Chroniques

par michel slama

Georg Friedrich Händel
airs d’opéra

1 CD Linn Records (2014)
BKD 252
Le soprano Emma Bell chante onze airs d'opéra signés Händel

Linn Records nous propose aujourd’hui, dans ses rééditions echo, un récital du soprano britannique Emma Bell, consacré à Händel et enregistré en 2004. Après avoir emporté le Prix Kathleen Ferrier en 1988, cette chanteuse chouchou des Anglais possède un vaste répertoire, allant de Händel à Britten. Sur les plus grandes scènes du monde lyrique, elle a incarné les héroïnes les plus dramatiques. Mozart semble être son compositeur de prédilection, mais Emma Bell ne s’interdit pas Leonore de Fidelio (Beethoven), l’Agathe du Freischütz (Weber), l’Eva des Meistersinger von Nürnberg et l’Elsa de Lohengrin (Wagner), Mimi de La bohème (Puccini) et Madame Lidoine de Dialogues des carmélites (Poulenc). Hormis le présent récital, cette artiste a très peu enregistré : un programme Marx, Strauss et La petite renarde rusée de Janáček [lire notre critique du DVD].

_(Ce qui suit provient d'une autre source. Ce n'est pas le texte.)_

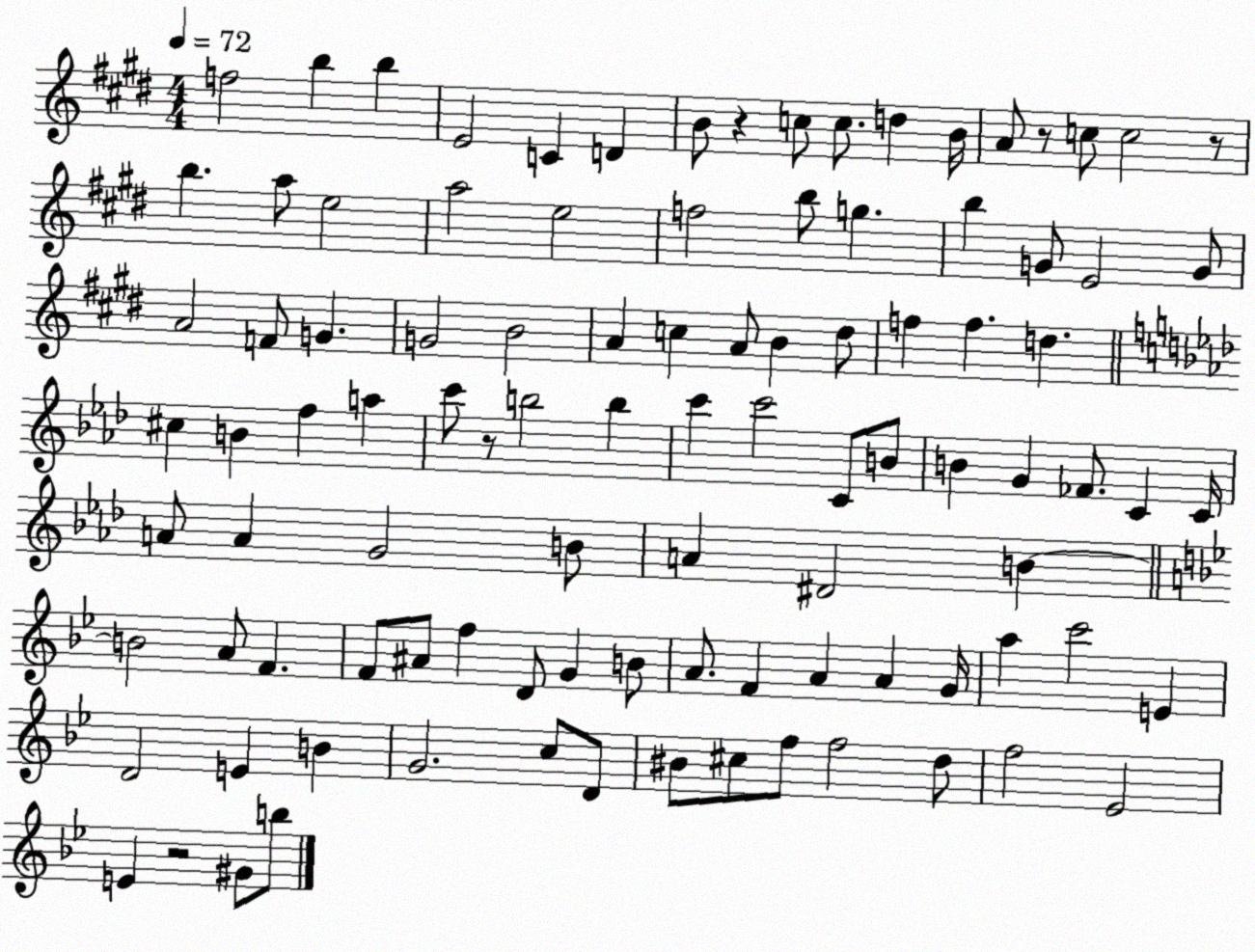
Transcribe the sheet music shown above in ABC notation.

X:1
T:Untitled
M:4/4
L:1/4
K:E
f2 b b E2 C D B/2 z c/2 c/2 d B/4 A/2 z/2 c/2 c2 z/2 b a/2 e2 a2 e2 f2 b/2 g b G/2 E2 G/2 A2 F/2 G G2 B2 A c A/2 B ^d/2 f f d ^c B f a c'/2 z/2 b2 b c' c'2 C/2 B/2 B G _F/2 C C/4 A/2 A G2 B/2 A ^D2 B B2 A/2 F F/2 ^A/2 f D/2 G B/2 A/2 F A A G/4 a c'2 E D2 E B G2 c/2 D/2 ^B/2 ^c/2 f/2 f2 d/2 f2 _E2 E z2 ^G/2 b/2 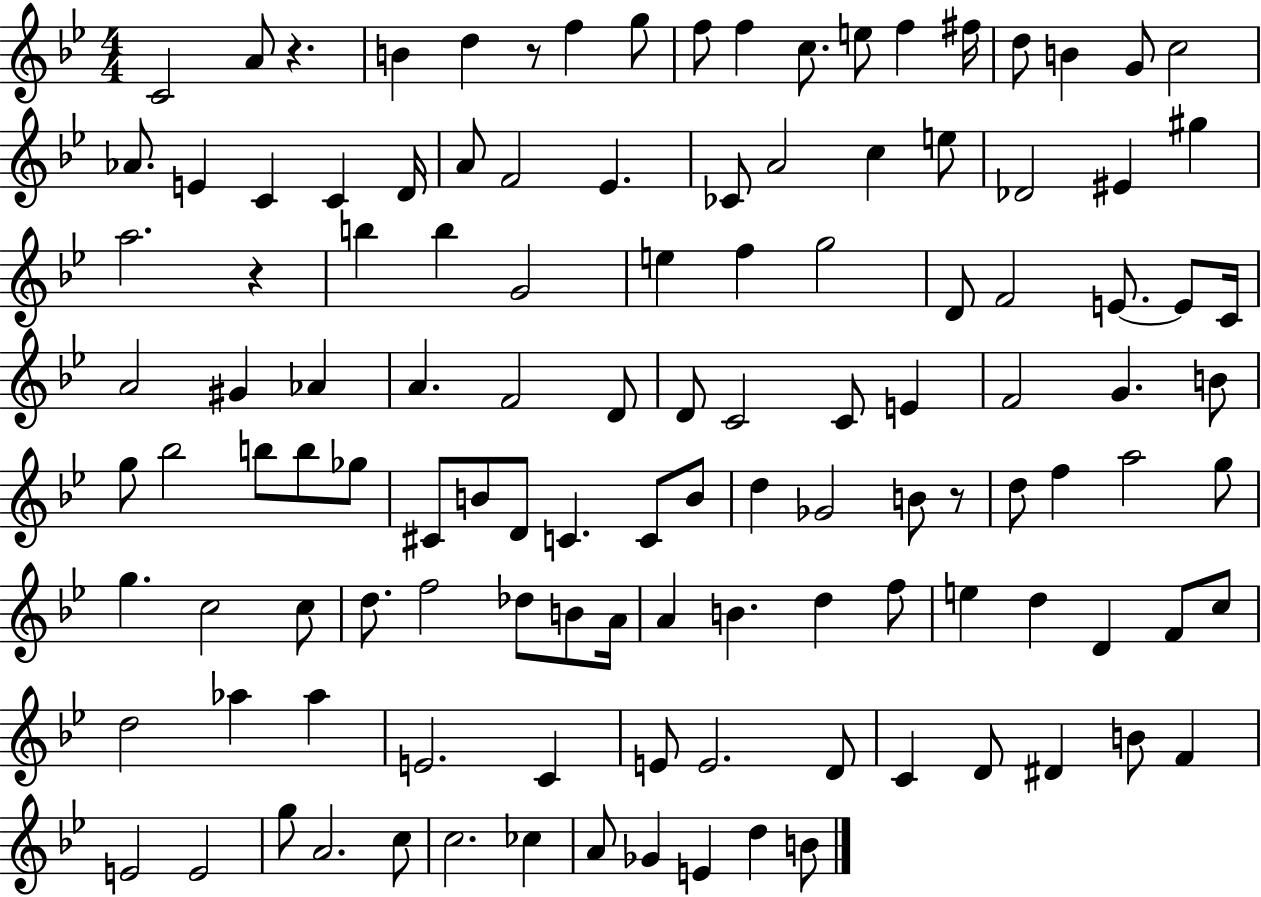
X:1
T:Untitled
M:4/4
L:1/4
K:Bb
C2 A/2 z B d z/2 f g/2 f/2 f c/2 e/2 f ^f/4 d/2 B G/2 c2 _A/2 E C C D/4 A/2 F2 _E _C/2 A2 c e/2 _D2 ^E ^g a2 z b b G2 e f g2 D/2 F2 E/2 E/2 C/4 A2 ^G _A A F2 D/2 D/2 C2 C/2 E F2 G B/2 g/2 _b2 b/2 b/2 _g/2 ^C/2 B/2 D/2 C C/2 B/2 d _G2 B/2 z/2 d/2 f a2 g/2 g c2 c/2 d/2 f2 _d/2 B/2 A/4 A B d f/2 e d D F/2 c/2 d2 _a _a E2 C E/2 E2 D/2 C D/2 ^D B/2 F E2 E2 g/2 A2 c/2 c2 _c A/2 _G E d B/2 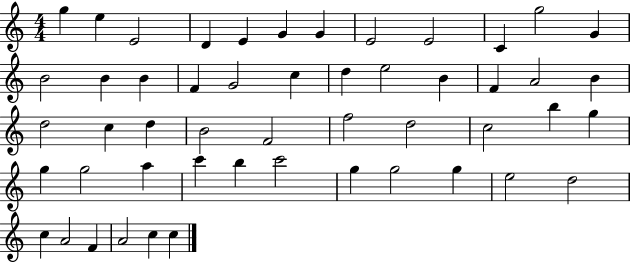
X:1
T:Untitled
M:4/4
L:1/4
K:C
g e E2 D E G G E2 E2 C g2 G B2 B B F G2 c d e2 B F A2 B d2 c d B2 F2 f2 d2 c2 b g g g2 a c' b c'2 g g2 g e2 d2 c A2 F A2 c c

C’est donc avec une certaine impatience qu’on attendait sa contribution à l’opéra händélien. Autant le dire tout de suite, la déception est de taille : la voix est ordinaire, semble très fatiguée et fâchée avec la justesse. Les aigus sont criés, les graves escamotés. Le style et les ornementations peu baroques frisent le mauvais goût. De plus, le Scottish Chamber Orchestra sur instruments modernes, dirigé par Richard Egarr placide et scolaire, ne fait rien pour l’aider.

Quelle idée de commencer par le pire avec le fameux Desterò dall’empia dite, extrait d’Amadigi [lire notre chronique du 28 mai 2008] ! L’air semble dépasser de loin les moyens de la cantatrice qui, fort sollicitée dans les aigus et les forte, s’avère tendue et essoufflée. On se souvient de Kiri Te Kanawa impériale et déchirante dans un récital entièrement consacré à Händel, The Sorceress, bande-son d’un film baroque paru il y a une vingtaine d’années chez Philips et dirigé de main de maître par Christopher Hogwood à la tête de son Academy of Ancient Music. Scherza in mar la navicella, extrait de Lotario [lire notre chronique du 15 juin 2005], est un océan d’ennui et de sérieux, comparé à ce qu’en fait Cecilia Bartoli dont c’est l’un des chevaux de bataille. Simplement passable est l’Orrida agli occhi miei d’Ariodante [lire nos chroniques du 14 mars et du 11 novembre 2007, du 23 mai 2011 et du 12 juillet 2014], avec des attaques curieuses et de laborieuses vocalises.

Les airs élégiaques sont plus acceptables, si l’auditeur averti oublie les grandes dames qui s’y sont illustrées. Si un peu d’émotion perce dans ce disque, c’est avec les deux airs de Rodelinda [lire notre chronique du 3 décembre 2011], Ombre, piante, urne funeste et Se'l mio duol non è sì forte, où notre cantatrice semble enfin à son aise dans les déplorations. Avec Sommi Dei et Barbaro, partirò de Radamisto [lire notre chronique du 6 février 2013], particulièrement dramatiques, elle retrouve des couleurs et une technique presque maîtrisée.

Pas de magie à attendre, en revanche, du célèbre Piangerò la sorte mia, extrait de Giulio Cesare in Egitto [lire notre chronique de la récente production toulonnaise]. Toute la malice de Cléopâtre est à rechercher ailleurs, Emma Bell et son chef la livrant au premier degré. De Rinaldo [lire nos critiques DVD des productions David Alden (Munich) et Robert Carsen (Glyndebourne), ainsi que nos chroniques du 21 mai (Sabine Hartmannshenn à Cologne) et du 27 mai 2011 (Louise Moaty à Lausanne)], il en va de même du très fréquenté Ah, crudel ! où l’ennui continue de régner, Emma Bell n’y faisant rien passer. Bilan : une voix peu phonogénique au service d’un récital inégal, malgré quelques passages émouvants à la durée un peu chiche (52’).